Burglary suspect licked by lingering lollipop

NORTH NAPLES, Fla. - Carol Novak noticed two things when she awoke one morning in March at a Florida apartment rental.

First, more than $25,000 worth of jewelry was missing, including the diamond necklace her late husband had given her.

And second, a lollipop stick was lying on a night stand.

“When I saw it, I knew I didn’t eat lollipops,” she said. “So I saved it and gave it to the sheriff’s department.”

Thomas Christopher Crews, 53, of North Naples, Florida told deputies he didn’t eat lollipops either, but DNA evidence was against him.

Detectives had already run a sample of the DNA found on the discarded sucker through a state database, matching it to a samples Crews gave after a Sarasota County arrest and a voluntary sample given a few months earlier. The results led to Crews’ arrest Wednesday on charges of unarmed burglary and grand theft. Investigators said the frequency of his DNA’s occurrence is one in 19 quintillion.

“This is the guy,” Collier County sheriff’s detective Christopher Goldhorn said.

When questioned about his penchant for sweet treats, reports show Crews denied eating lollipops, shouting “no” and showing deputies his teeth to prove it. Crews suggested instead that a homeless man he let stay with him maybe committed the crime, leaving behind a lollipop stick the two had shared.

“He was basically inconsistent,” Goldhorn said. “Later on in the interview when I introduced some evidence and statements he indicated it was possible that he had had a lollipop.”

Crews has a history of arrests in the state and in Lee and Collier counties, including prior arrests in Lee County for armed burglary.

“He’s very experienced, very savvy,” Goldhorn said. “He knows what he’s doing, knows how to talk to law enforcement. He’s been dealing with law enforcement his whole life.”

Goldhorn said it’s likely Crews made a simple mistake when he left the lollipop stick behind. In past Collier and Lee cases, clumsy criminals have left everything from a wallet to their keys to a cellphone at the scene. Goldhorn said this is the first such case he’s encountered.

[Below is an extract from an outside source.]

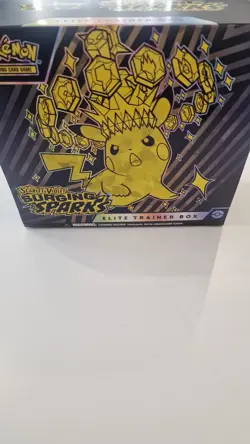 Pokemon TCG Surging Sparks ETB - Box and packs opened, Sealed Promo - Image 4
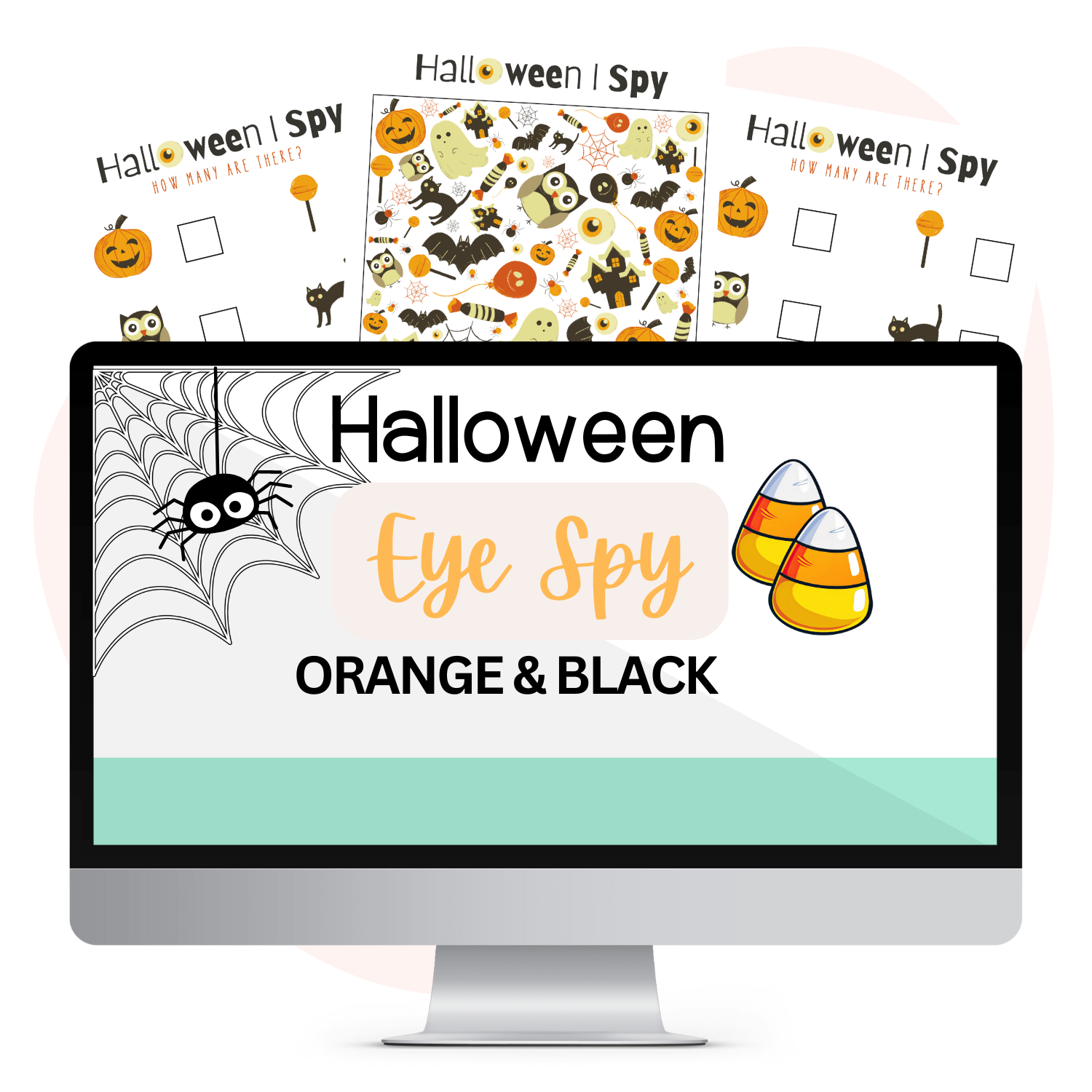 HALLOWEEN EYE SPY ORANGE & BLACK EDITION - Pop Sugar Cafe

Crews is being investigated for other burglaries, Goldhorn said, but he wouldn’t elaborate. Reports show other Pelican Bay burglaries took place April 1 in which witnesses saw a man who looked like Crews prowling behind homes.

While the jewelry has not yet been recovered, Novak said she was grateful to know Crews had been caught. Novak credits detectives with keeping her informed of the progress in the case while she worked in Michigan during the months it took to track and arrest Crews.

“I feel very safe going down there next year,” she said. “I’ll be staying in a different place, though.”